[Requirement] Find "148 Swaying Tree" in the data, then restate the line it sits in and every later line word for word, ending with the last line.

(Provided records Opens)

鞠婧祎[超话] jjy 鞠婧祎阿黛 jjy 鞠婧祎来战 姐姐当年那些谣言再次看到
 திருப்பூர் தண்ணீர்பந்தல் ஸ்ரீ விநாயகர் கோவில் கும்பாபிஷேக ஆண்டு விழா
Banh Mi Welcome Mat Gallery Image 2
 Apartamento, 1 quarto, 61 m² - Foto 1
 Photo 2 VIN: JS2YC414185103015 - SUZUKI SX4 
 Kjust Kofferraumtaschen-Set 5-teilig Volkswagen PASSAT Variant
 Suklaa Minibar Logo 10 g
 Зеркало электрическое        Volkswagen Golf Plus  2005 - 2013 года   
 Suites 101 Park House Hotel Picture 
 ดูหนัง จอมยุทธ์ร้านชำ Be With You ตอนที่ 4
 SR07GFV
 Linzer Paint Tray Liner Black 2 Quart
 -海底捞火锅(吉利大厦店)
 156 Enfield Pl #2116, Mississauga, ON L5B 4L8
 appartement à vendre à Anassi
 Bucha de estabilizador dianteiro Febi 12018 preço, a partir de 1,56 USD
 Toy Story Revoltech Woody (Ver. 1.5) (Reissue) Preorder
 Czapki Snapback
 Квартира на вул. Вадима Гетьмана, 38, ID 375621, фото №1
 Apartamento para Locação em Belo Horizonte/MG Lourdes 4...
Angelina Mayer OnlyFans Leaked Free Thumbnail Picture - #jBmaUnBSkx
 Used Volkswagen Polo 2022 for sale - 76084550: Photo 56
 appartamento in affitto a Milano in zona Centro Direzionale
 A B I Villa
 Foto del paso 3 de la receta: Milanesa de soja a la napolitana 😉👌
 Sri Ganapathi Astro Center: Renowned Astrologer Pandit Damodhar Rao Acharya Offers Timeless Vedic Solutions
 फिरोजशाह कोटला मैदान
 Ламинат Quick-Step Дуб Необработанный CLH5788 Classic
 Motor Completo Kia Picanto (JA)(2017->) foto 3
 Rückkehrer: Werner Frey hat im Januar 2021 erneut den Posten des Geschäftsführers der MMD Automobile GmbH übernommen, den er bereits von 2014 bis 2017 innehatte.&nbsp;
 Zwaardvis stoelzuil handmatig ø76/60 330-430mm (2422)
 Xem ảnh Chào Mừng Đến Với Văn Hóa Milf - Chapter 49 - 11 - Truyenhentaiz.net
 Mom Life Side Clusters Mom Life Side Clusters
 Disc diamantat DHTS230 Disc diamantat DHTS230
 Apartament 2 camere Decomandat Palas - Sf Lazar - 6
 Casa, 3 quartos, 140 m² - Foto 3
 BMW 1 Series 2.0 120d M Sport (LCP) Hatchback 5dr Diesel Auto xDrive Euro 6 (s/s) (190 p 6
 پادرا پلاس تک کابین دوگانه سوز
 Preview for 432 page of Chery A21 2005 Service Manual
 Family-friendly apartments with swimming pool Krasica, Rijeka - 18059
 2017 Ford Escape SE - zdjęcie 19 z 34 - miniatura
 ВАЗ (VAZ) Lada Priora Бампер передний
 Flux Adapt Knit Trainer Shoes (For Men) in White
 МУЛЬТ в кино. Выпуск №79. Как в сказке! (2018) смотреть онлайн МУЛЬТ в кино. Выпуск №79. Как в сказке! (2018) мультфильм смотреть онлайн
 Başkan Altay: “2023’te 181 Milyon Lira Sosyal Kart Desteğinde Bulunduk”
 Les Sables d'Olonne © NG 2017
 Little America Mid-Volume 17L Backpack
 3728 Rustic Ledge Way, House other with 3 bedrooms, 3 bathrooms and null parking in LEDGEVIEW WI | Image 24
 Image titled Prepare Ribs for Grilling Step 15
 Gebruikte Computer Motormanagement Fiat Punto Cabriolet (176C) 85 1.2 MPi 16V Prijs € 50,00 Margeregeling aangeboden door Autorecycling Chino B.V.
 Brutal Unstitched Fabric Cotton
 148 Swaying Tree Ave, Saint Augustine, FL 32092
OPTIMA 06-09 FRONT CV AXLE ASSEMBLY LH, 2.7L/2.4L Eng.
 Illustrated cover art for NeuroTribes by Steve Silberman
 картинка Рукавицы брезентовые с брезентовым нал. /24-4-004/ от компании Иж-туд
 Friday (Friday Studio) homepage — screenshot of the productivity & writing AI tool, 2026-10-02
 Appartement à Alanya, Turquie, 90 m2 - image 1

(Provided records Closes)

[Solution to the exercise]
 148 Swaying Tree Ave, Saint Augustine, FL 32092
OPTIMA 06-09 FRONT CV AXLE ASSEMBLY LH, 2.7L/2.4L Eng.
 Illustrated cover art for NeuroTribes by Steve Silberman
 картинка Рукавицы брезентовые с брезентовым нал. /24-4-004/ от компании Иж-туд
 Friday (Friday Studio) homepage — screenshot of the productivity & writing AI tool, 2026-10-02
 Appartement à Alanya, Turquie, 90 m2 - image 1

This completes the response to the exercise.